Overview

FastQC (citation) is distributed with SeqSphere+ and can be used to perform the following quality checks for FASTQ or SAM/BAM files:

  • Per base sequence quality
  • Per tile sequence quality
  • Per sequence quality scores
  • Per base sequence content
  • Per sequence GC content
  • Per base N content
  • Sequence Length Distribution
  • Sequence Duplication Levels
  • Overrepresented sequences
  • Adapter Content

The checks are resulting in succeeded, warning, or failed according to predefined thresholds.

Perform Read Data Quality and Adapter Control in Pipeline

If the General Settings option Perform read data quality and adapter control (FastQC) is enabled in the pipeline script, SeqSphere+ starts FastQC for all FASTQ files that are processed.

Procedure Tab

As not all checks done by FastQC are of relevance for general sequence quality problems, only two of them are evaluated in the SeqSphere+ pipeline:

Per Base Sequence Quality
Checks the base call qualities in the FASTQ file. If the lower quartile for any base is less than 10 or if the median for any base is less than 25 the result will be 'warning'. If the lower quartile for any base is less than 5 or if the median for any base is less than 20 the result will be 'failed'. The result is also stored in a graph, where the y-axis shows the quality scores. The quality of base calls on most sequencing platforms will degrade as the run progresses. Therefore, the quality is decreasing towards the end of a read and forward reads have usually a better quality than reverse reads. The results are stored in the procedure statistic fields FastQC Per Base Sequence Quality (Forward Reads) and FastQC Per Base Sequence Quality (Reverse Reads). Warnings for the reverse reads are ignored as they appear very often with Illumina data.
Adapter Content
Checks if the reads in the FASTQ file contain a significant amount of adapter sequences.
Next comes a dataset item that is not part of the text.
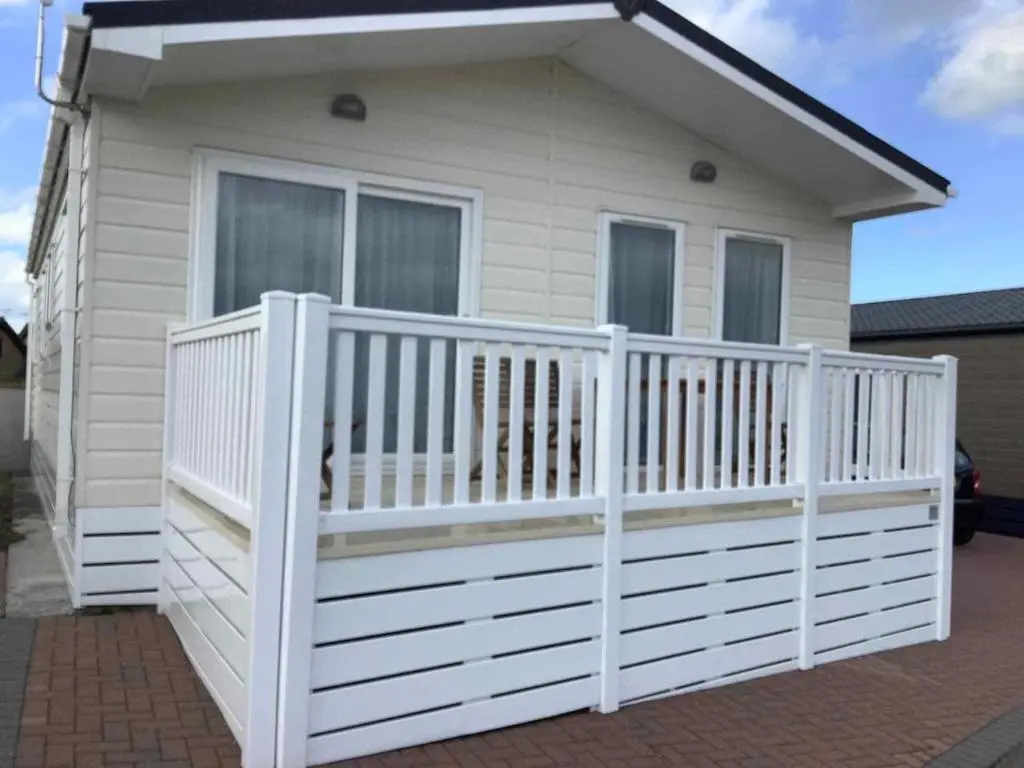 a small white house with a white fence at Parkview holiday lodge in Lossiemouth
If an adapter sequence is present in more than 5% of all reads the result will be 'warning'. If more than 10% are present the result will be 'failed'. The result is also stored in a graph, where the y-axis shows the amount of adapter content. If a significant amount of adapter sequences are found adapter trimming is recommended. The result is stored in the procedure statistic field FastQC Adapter Content. They are usually identical for the forward and the reverse read files.


The result fields are highlighted in the procedure tab of a loaded sample. The right-click menu in the table of the procedure tab allows to view the stored graphs for the two FastQC checks.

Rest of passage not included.